Creativity: Moving The Earth With Archimedes & Stravinsky
The Greek philosopher Archimedes once said, “Give me a firm place to stand and a lever and I can move the Earth.” He was enamored of the idea of the lever and its ability to multiply force.
What’s not said is at least as important as what was said, as his quote has many implications.
The first implication is that of a fulcrum. A lever will not work without a fulcrum to rest it on. Once that is taken care of, the actual act of moving the Earth is straightforward and procedural.
As children we played on teeter-totters or seesaws, which is exactly the principle of lever and fulcrum.
Other issues with Archimedes’ lever are quantitative. How much does one want to move the Earth? How fast?
This has implications for how long it might take and how strong the lever needs to be. These quantities are potentially extreme.
The Center Of Mass
Archimedes also introduced the concept of “center of mass” and its associated mathematical properties.
The center of mass is like an imaginary fulcrum placed in such a way that an object or collection of objects would balance on it. If you were trying to move the Earth around this fulcrum, you would be very far from the fulcrum and the Earth would be very close.
The center of mass has interesting properties. Imagine a cloud of objects moving through space, far from any outside influence but able to act on each other via gravity, electric charges, etc.
No interaction of any part of the system with any other part can change the motion of the center of mass because of Newton’s Third Law:
Every action has an equal and opposite reaction.
All motions in the system cancel out relative to the center of mass.
You Can Move The Earth
Archimedes did not realize it because he did not have the benefits of Newton’s Universal Law of Gravitation, but if he had, he would have realized that you could move the Earth just by jumping up and down, no levers needed.
That’s because the system of you + Earth has a center of mass. It’s very close to the center of the mass without you present, but *not exactly* the same.
If you jump up, the Earth has to move in the opposite direction to keep the center of mass in the same place. You have moved the Earth! Far too small a distance to measure and very short-lived.
This is not just a thought experiment, all the dams on Earth have raised water high enough to change the rotation of the planet measurably with trillions of tons of water.
Here’s a clip of two objects rotating around a center of mass. Neither of the objects are in the center.
In recent conversations about “moving the Earth,” Archimedes has come up literally and metaphorically.
Influence & The Lever
In terms of humans wanting to have an outsized influence on society, the analogy of the lever seems appropriate if one wants to have a lasting effect not achievable by just jumping up and down.
If one exerts a force at a great distance from the fulcrum, it has the possibility of influencing a large system closer in.

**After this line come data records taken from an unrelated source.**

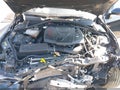 2022 Alfa Romeo Giulia — photo 10 of 17 | VIN ZARFANBNXN7665540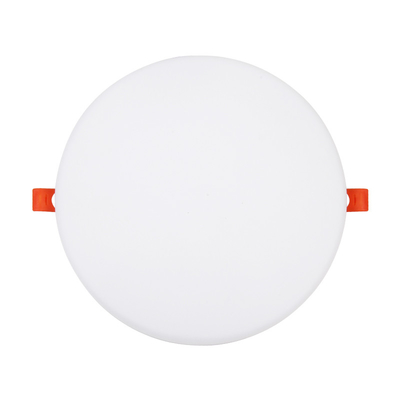 СИД индикаторной панели Dimmable освещает для крытого анти- цвета изменения фликера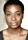 Ibinabo Jack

Political extremism or shocking and controversial artworks can have this effect by getting a lot of other people talking and thinking, a kind of leverage that can move a mass of people.
I believe the hardest aspect of moving the Earth in one’s life is not the act of finding a lever and pushing it, it is arranging to place your fulcrum somewhere, a kind of existential real estate play.
History is full of people who had a hard time finding the fulcrum spot, and that’s just the ones we know about. Finding a place to stand is not as hard, since you have to stand somewhere.
Igor Stravinsky & Radical Departures
The composer Igor Stravinsky wrote a ballet, The Rite of Spring, which premiered in Paris in 1913, following successes of The Firebird and Petruschka in 1910 and 1912.
It was a radical departure from previous classical music, full of strange dissonances and even stranger rhythms. It provoked a “near-riot” and fistfights in the audience.
If Stravinsky had written nothing else, he’d be remembered for that.
But he did not create the work in a vacuum.
There was no doubt some strategy involved. Stravinsky’s successes with the first two more musically conservative ballets established a kind of fulcrum placement.
He bore down with The Rite of Spring after that and moved the musical Earth.
Stravinsky & Combinatorics
The music critic Alex Ross has described the irregular process whereby Stravinsky adapted and absorbed traditional Russian folk material into the score.
He “proceeded to pulverize them into moving bits, pile them up in layers, and reassemble them in cubistic collages and montages.”
This description of Stravinsky’s creative process echos earlier blog posts about combinatorics as well as the artistic phase transition of the first decades of the 20th century.
Stepping Into The Unknown
Somehow creative spirits working in music, literature, art, and science all cooperated to place a fulcrum that accomplished a civilization-wide intellectual restructuring, without knowing exactly what they were doing.
They did what creatives and innovators do, they stepped into the unknown, and like Stravinsky, they did not forget their past.
And a parting fact that perhaps explains why good ideas come in the shower: Archimedes also discovered the idea of displacement- that one can measure the volume and weight of an object (like himself or the king’s crown) by immersing it in water. (Rumor has it that Archimedes came up with this principle while taking a bath.)
This is when he shouted, ‘Eureka!,” meaning “I found it!”
May you “find it” in your artistic pursuits.